EXERCISE OBJECTIVE:
Nothing in the copy should be a picture; everything else in the listing is to be restated exactly.

EXERCISE DATA:
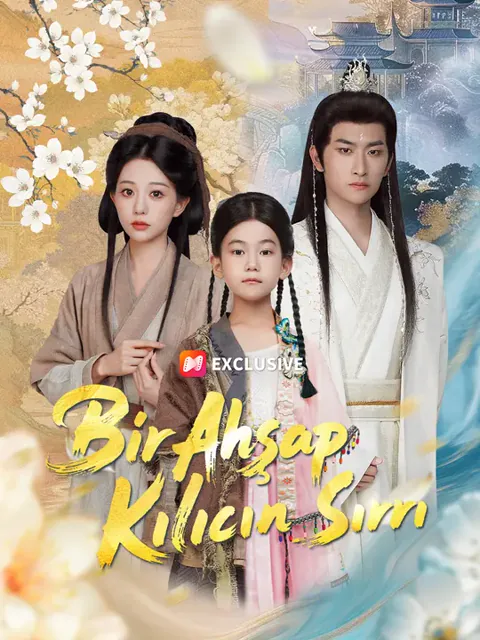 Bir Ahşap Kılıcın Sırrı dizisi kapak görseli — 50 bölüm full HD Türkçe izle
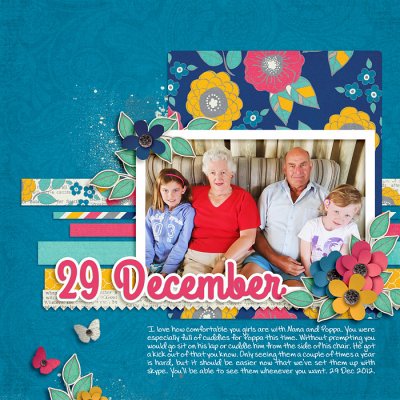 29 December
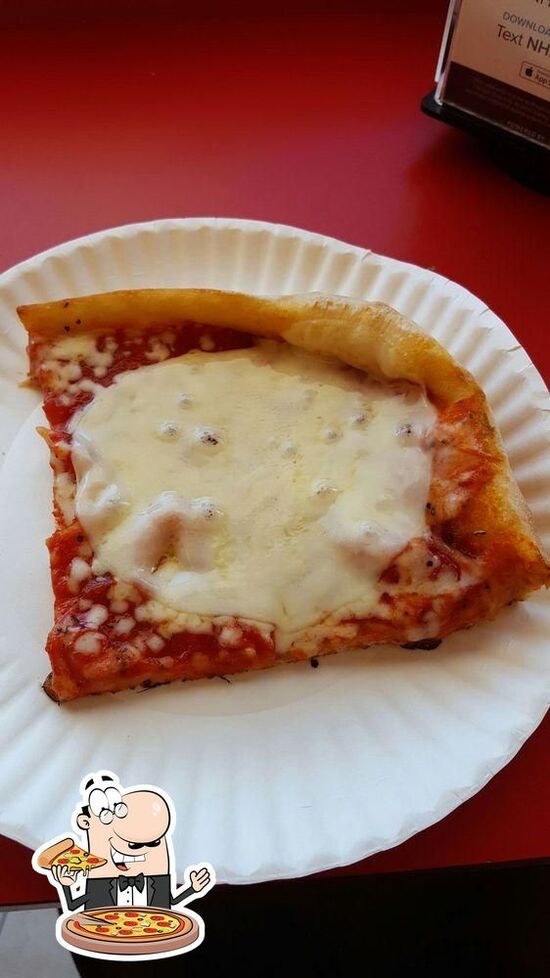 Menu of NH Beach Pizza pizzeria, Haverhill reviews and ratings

WRITTEN SOLUTION:
 Bir Ahşap Kılıcın Sırrı dizisi kapak görseli — 50 bölüm full HD Türkçe izle
 29 December
 Menu of NH Beach Pizza pizzeria, Haverhill reviews and ratings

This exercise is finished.